### Web page caption snippets:

☆ ☆ ☆ ☆

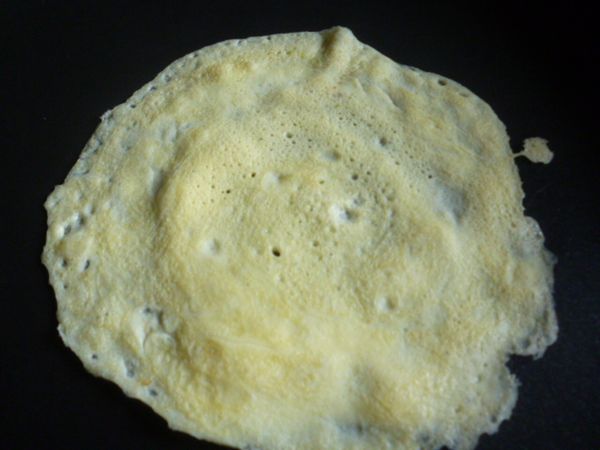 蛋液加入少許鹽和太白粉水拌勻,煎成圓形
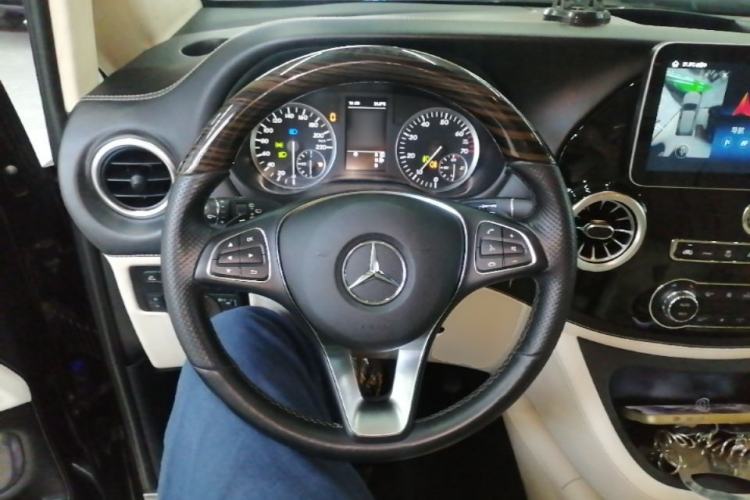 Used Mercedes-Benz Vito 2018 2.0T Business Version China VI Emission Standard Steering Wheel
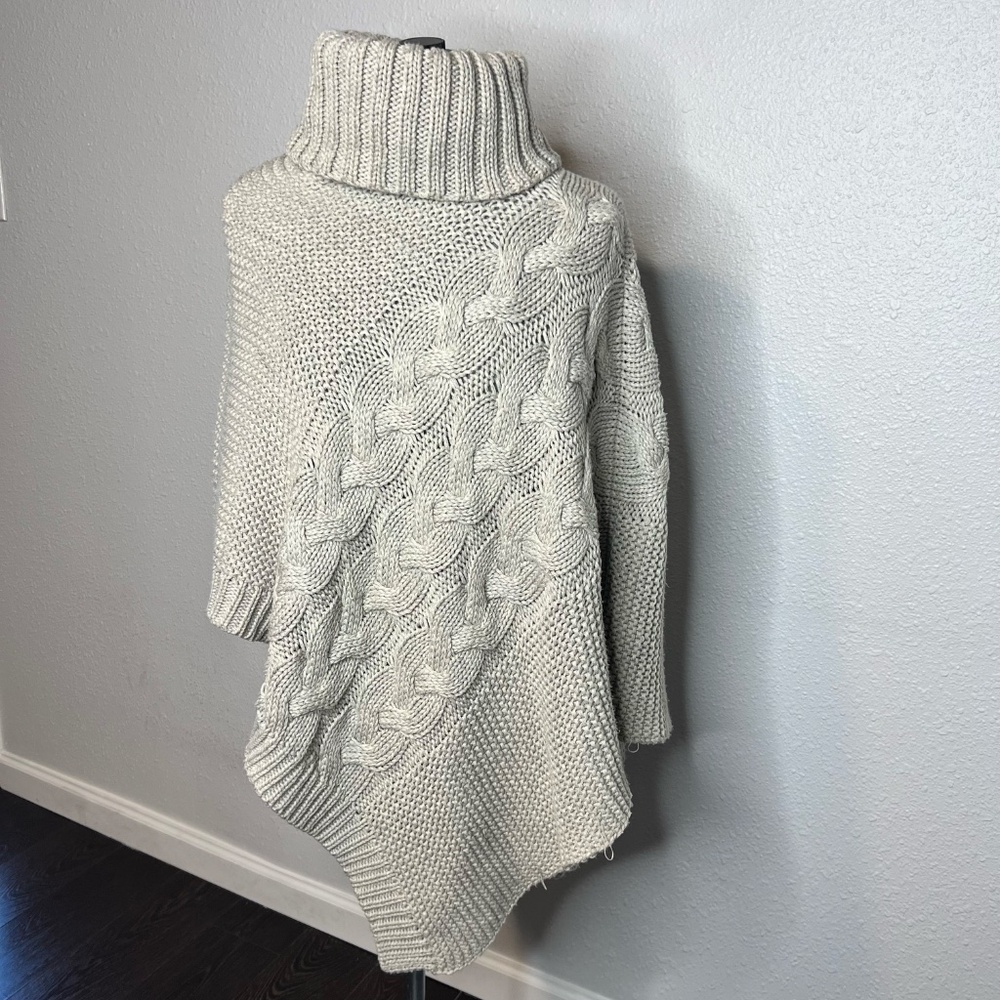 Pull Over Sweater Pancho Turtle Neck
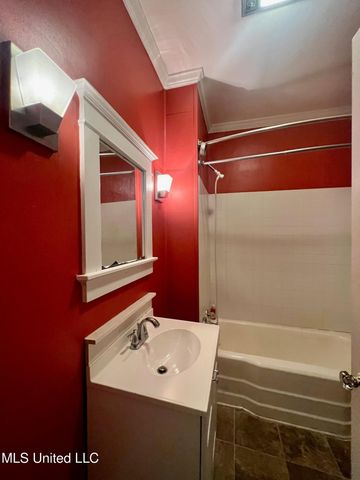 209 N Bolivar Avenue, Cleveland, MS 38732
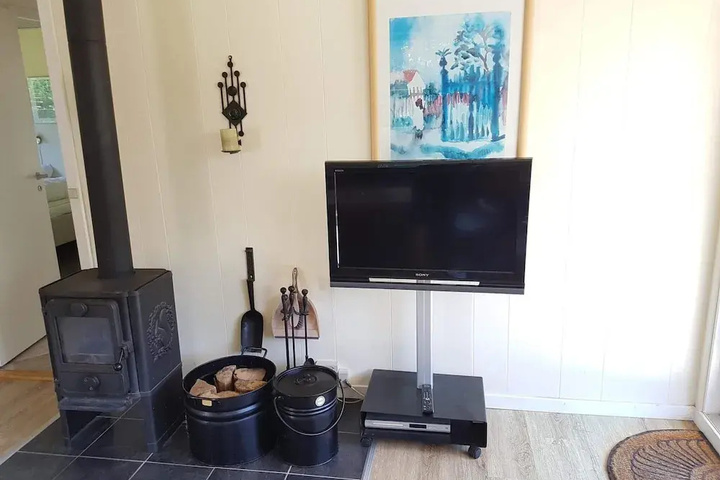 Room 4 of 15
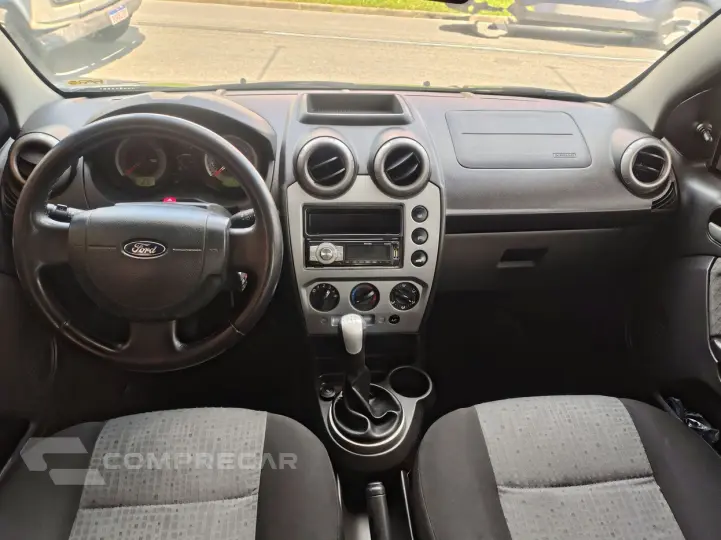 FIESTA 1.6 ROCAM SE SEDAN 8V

☆ ☆ ☆ ☆

### EXERCISE:
Each entry above should be written out again exactly, without its pictures.

### RESPONSE BOX:
 蛋液加入少許鹽和太白粉水拌勻,煎成圓形
 Used Mercedes-Benz Vito 2018 2.0T Business Version China VI Emission Standard Steering Wheel
 Pull Over Sweater Pancho Turtle Neck
 209 N Bolivar Avenue, Cleveland, MS 38732
 Room 4 of 15
 FIESTA 1.6 ROCAM SE SEDAN 8V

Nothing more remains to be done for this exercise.